悪い芝居「ベビーブームベイビー」

◎社会=他者関係を結ぶ鍵を模索 演劇と自分を思想する志の高さ
 藤原央登(「現在形の批評 」主宰)

 山崎彬が率いる悪い芝居の紡ぎ出す劇世界は極めてリアリスティックであるという一点においてこの集団は重要である。

 アングラポップを彷彿とさせる色彩豊かで瀟洒な美術・衣装・照明。若さを未熟であることを凌駕する特権であるかの如く、十全に駆動させ酷使させんとする演技体、くだらないギャグの応酬。表層に溢れ返るこういった要素から成る光景はもはやデジャヴュと言い切ることをためらわせないほど繰り返されてきた劇スタイルである。
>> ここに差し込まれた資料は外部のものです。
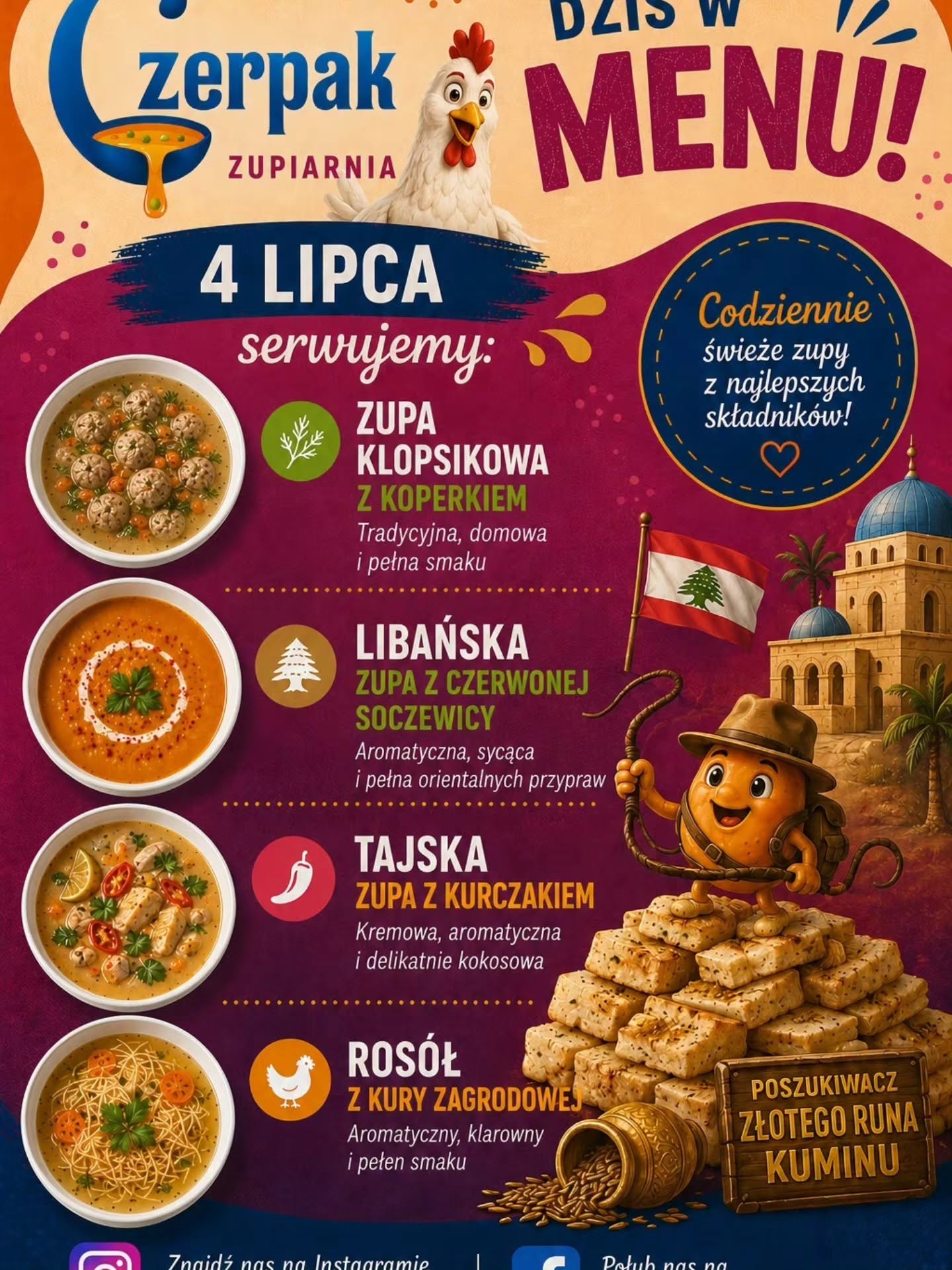 Przykładowe menu Czerpaka z 4 lipca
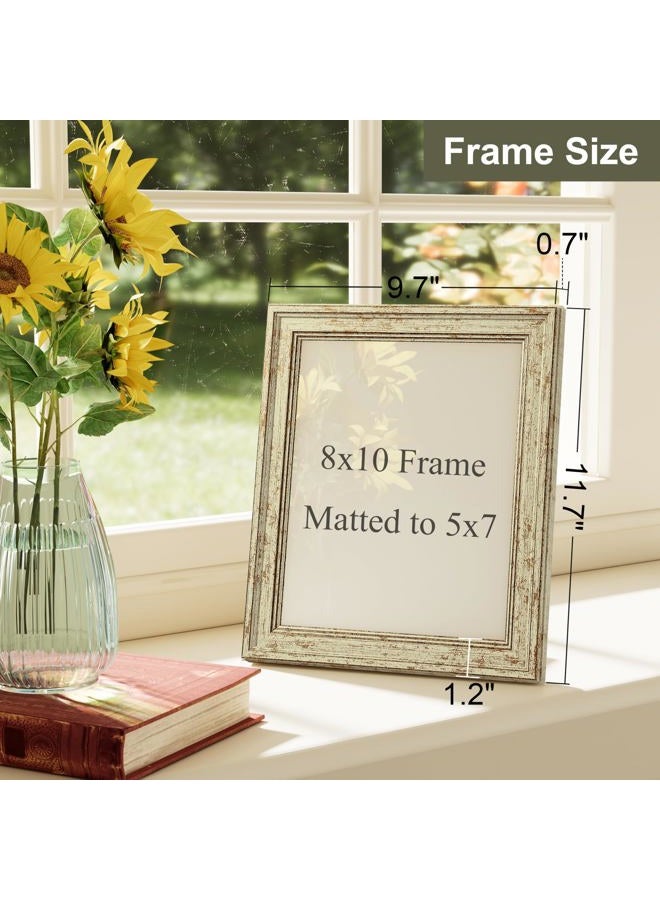 Vittanly طقم إطارات صور 8x10 من 4 قطع، إطار صور عتيق للجدار أو الطاولة، عرض صور 5x7 مع إطار أو 8x10 بدون إطار، ديكور منزلي ريفي، أخضر ذهبي - Image 3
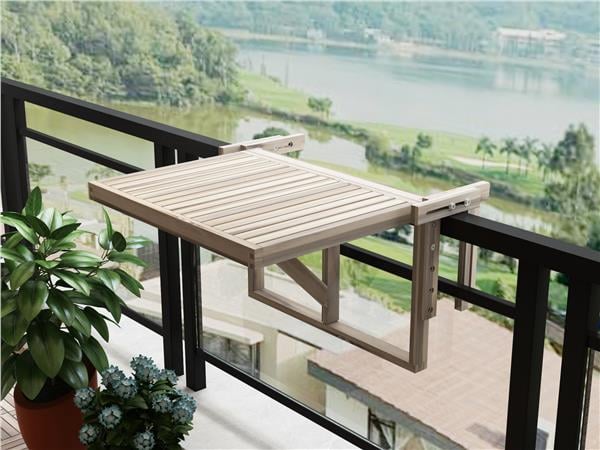İnterbuild Stockholm Katlanır ve Ayarlanabilir Balkon Masası  Beyaz - 673794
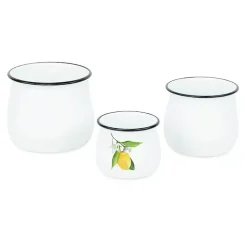 Discount Lemon Blossom Enamel Jars, Set of 3 Decorative Bowls & Jars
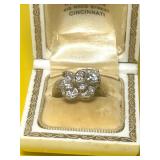 ANTIQUE 14K WHITE GOLD DIAMOND RING-SIZE10.5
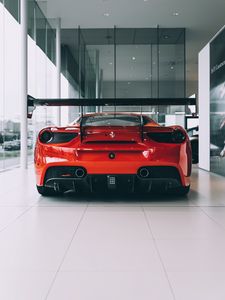 Preview wallpaper sports car, car, rear view, red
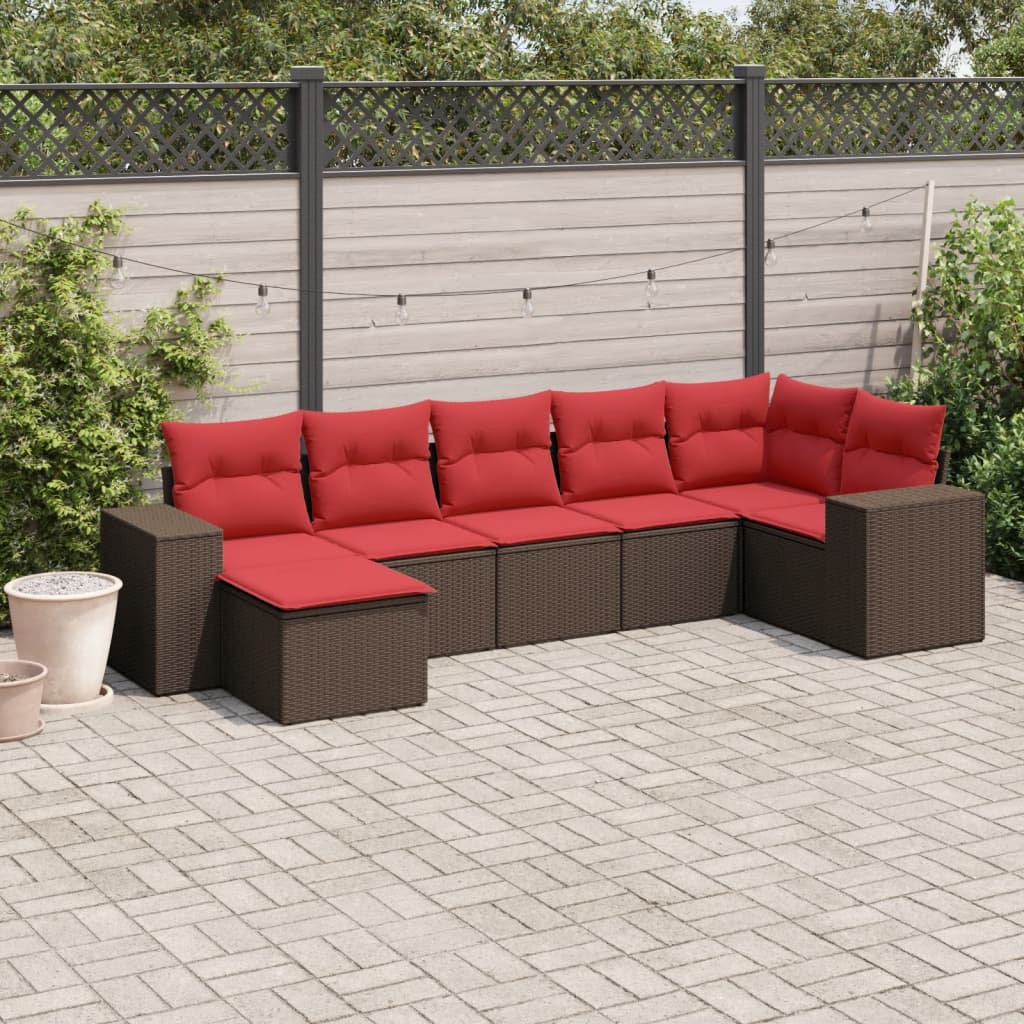 Conjunto de sofá de jardim com 7 peças e almofadas em rattan sintético marrom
小劇場演劇の雄の一つとなった典型的なスタイルがデジャヴュと感じる理由に、作品の源泉があまりにも均質で安易なものが多いことに求められる。受け手側の演劇への一般的イメージは、青年期のイニシエーションとしてモラトリアムを保証し、遅延させることへの言い訳が作用する作り手側の演劇へのアプローチと近似値なのだ。

 悪い芝居は、そんな同朋の観客を伴なって人心を慰撫し、刹那の享楽に耽る全ての者たちへ厳しい視座を向ける。自らを含めて。新作『ベビーブームベイビー』を観て確信したのは、色彩豊かに施された装飾と笑いは自己批評の確認装置として必然となっていること、もっと言えば演劇の肯定のための演劇の嫌悪、反抗という地平に自覚的になることを通して、演劇をする自分というものを思想しようとする志の高さが今この劇団を支える動力源となっていることであった。他者との関係を取り結ぶ鍵の在り処を、自己規定を出発点に彼らなりに必死に模索している。決してペシミスティックやシニシズム、デカダンではなくリアリスティックに根ざしているとはそういうことである。
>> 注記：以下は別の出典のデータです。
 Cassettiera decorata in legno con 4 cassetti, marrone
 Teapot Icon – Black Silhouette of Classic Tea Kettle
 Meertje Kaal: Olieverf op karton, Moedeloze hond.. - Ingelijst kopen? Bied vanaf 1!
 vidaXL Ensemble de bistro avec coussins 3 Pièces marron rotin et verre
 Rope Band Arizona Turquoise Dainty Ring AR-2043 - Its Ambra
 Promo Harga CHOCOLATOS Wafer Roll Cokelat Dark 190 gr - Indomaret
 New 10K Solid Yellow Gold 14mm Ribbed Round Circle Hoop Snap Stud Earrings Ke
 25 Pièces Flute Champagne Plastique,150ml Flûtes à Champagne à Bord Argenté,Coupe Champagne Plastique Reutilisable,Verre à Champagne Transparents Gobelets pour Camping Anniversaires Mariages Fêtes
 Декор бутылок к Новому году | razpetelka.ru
 初めて触れた前々作の『イク直前ニ歌エル女(幽霊みたいな顔で)』の劇世界に多分に充溢する自己否定から私は鬱々とした気分になったこと、坂口安吾の『堕落論』の「堕ちる道を堕ちきることによって、自分自身を発見し、救わなければならない。」をそのまま体現したかのような点に他に比肩するもののない独自性を劇評に記した。今作も同様の命題を取り扱っているが、自己否定の論理に他者の眼が導入されている。キーワードは「母殺し」と「迷子」。
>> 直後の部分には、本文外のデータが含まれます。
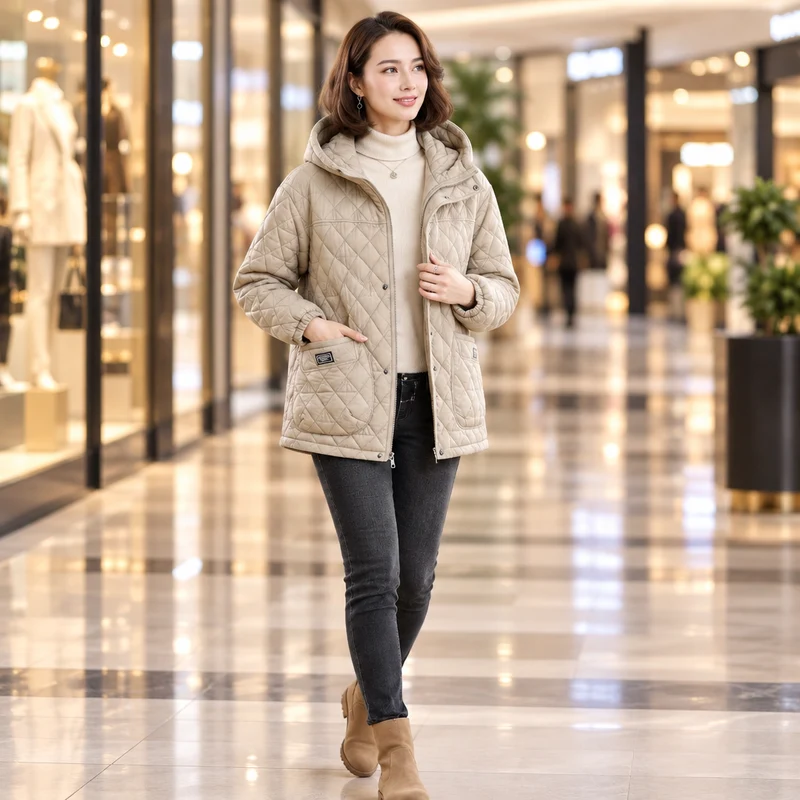Verleihen Sie Ihrem Winter-Look mit unserer gesteppten Damen-Winterjacke das gewisse Etwas.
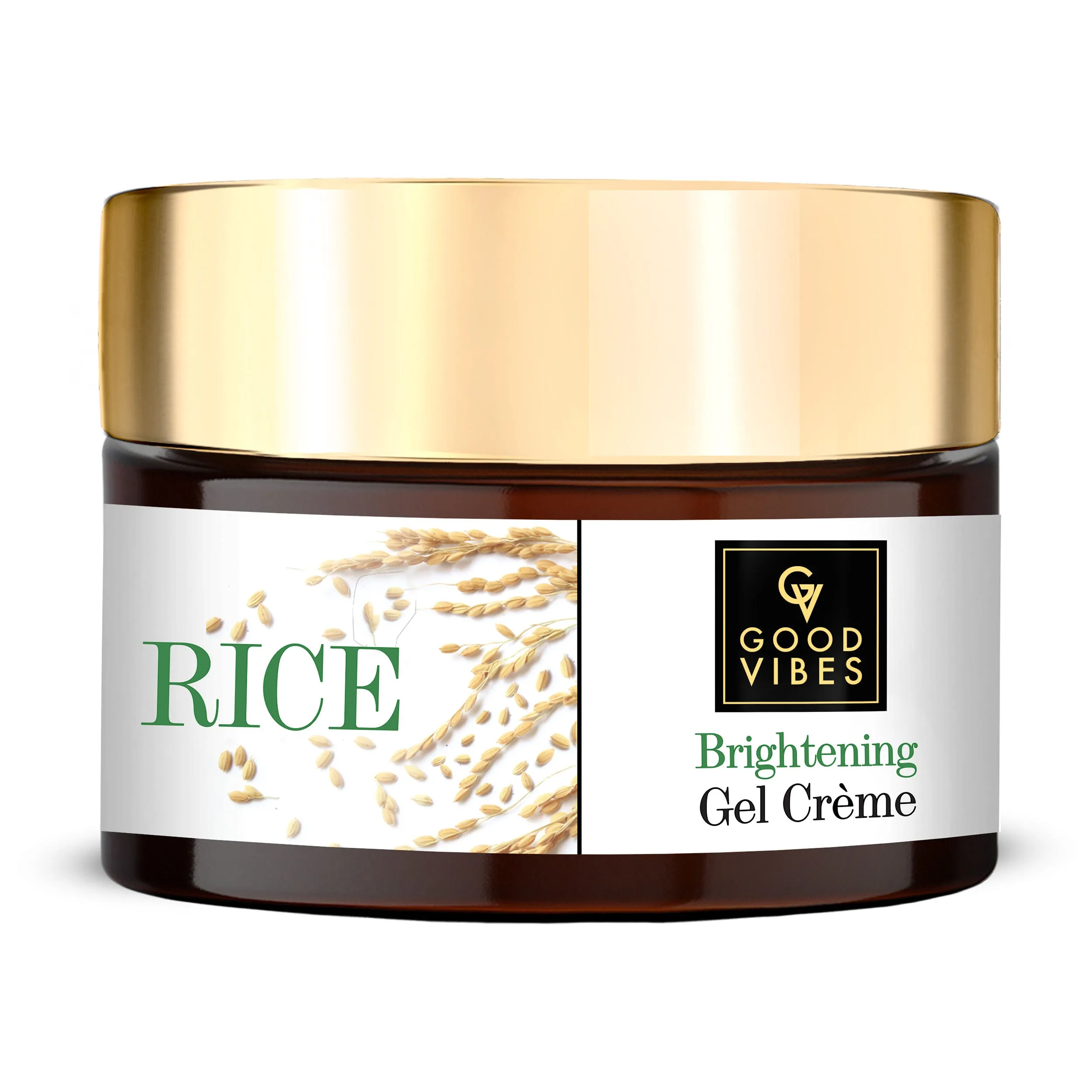 Good Vibes Rice Brightening Gel Creme | Face Moisturizer | Light Gel Cream | Hydrating, Moisturizing, Glowing | No Parabens, No Sulphates, No Animal Testing (50g)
 それは、進行する舞台を途中からメタ構造的に包摂してしまう外枠において明瞭となる。女子学生とのチャット会話することでしか慰撫されないハンドルネーム・エガオと称する小説家志望の男(四宮章吾)。彼が取った電話から流れる母親の叱責がそれである。賞への応募とは受賞者を賞賛することではなく、その他大勢の落選者に才能のないことを示すことにある、または貰った年金であんたの保険料払うなんて絶対嫌、といった言葉は息子に虚妄から目を覚まし自立することを促す。その時、空間にいた誰しもが親からの現実の洗礼を浴びる男に自分を重ね合わせざるを得ないだろう。何より、京都芸術センター舞台芸術賞2007をかけた作品をまさに上演している自分達自身への痛烈な皮肉にもなっているのだ。

 すると、劇中劇として展開される、餓鬼野一万(大木湖南)が同郷の多聞五日(山崎彬)から教わった母殺しの意味が判然としてくる。人生の幸福は死ぬ直前如何によるという考えの下に計画されるそれは、母親からの連絡を幾度も無視して心配を頂点にさせた時点でプレゼントを送り、一気に幸福と安堵へと浸らせた直後、母殺しマシーンであるプレゼントで殺すというものである。親に心配かけず笑顔でいてもらいたいと思いながらも、夢を捨てきれずに生活の一切を保障し、庇護してくれる親に依存せざるを得ないエガオは、小説内=劇中劇で母殺しを実行することによって現実世界で受ける抑圧から浄化を図ったのだった。そもそも日本から排出される廃物が全て溶けて染み込んでいるという餓鬼野里なる土地、そこに住む餓鬼野里一家なる登場人物に、欲求不満解消の掃き溜めとしての設定があらかじめ盛り込まれている。

 母殺しは六〇年代演劇のテーマの一つであった。実生活における関係という点では、寺山修司のそれに近いが、絶対的存在として良くも悪くも己の自我に立ちはだかって干渉する母に精神的隷属を感じた寺山とは違い、もはや情念や怨恨といったタームが共有し得ない現代の若者にとって、母親との関係は単純な生き死にといった生活に関する即物的なものでしかない。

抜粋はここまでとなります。